**Aim of the exercise:** Please give back word for word the lines of the material below between the line containing "lutron scr-15-gfci-sw satin" and the line containing "EverNary Window Vibration", inclusive.

Materials provided START

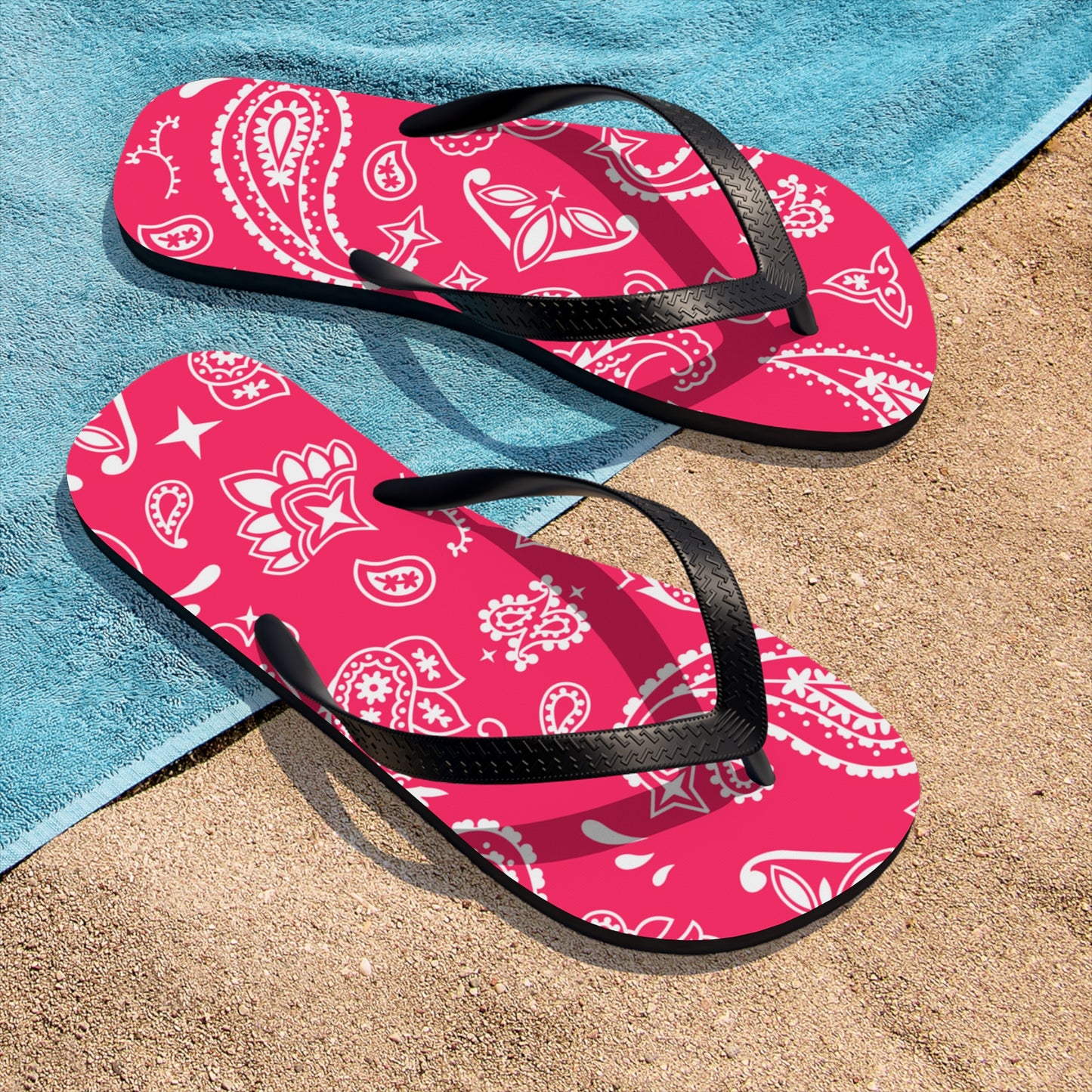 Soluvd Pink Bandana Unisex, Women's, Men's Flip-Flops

Materials provided END
Materials provided START

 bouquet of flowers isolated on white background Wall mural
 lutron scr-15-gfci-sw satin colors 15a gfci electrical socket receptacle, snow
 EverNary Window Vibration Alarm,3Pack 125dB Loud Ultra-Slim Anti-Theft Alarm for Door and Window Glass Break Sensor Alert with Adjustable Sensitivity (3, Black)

Materials provided END

**Task solution:**
 lutron scr-15-gfci-sw satin colors 15a gfci electrical socket receptacle, snow
 EverNary Window Vibration Alarm,3Pack 125dB Loud Ultra-Slim Anti-Theft Alarm for Door and Window Glass Break Sensor Alert with Adjustable Sensitivity (3, Black)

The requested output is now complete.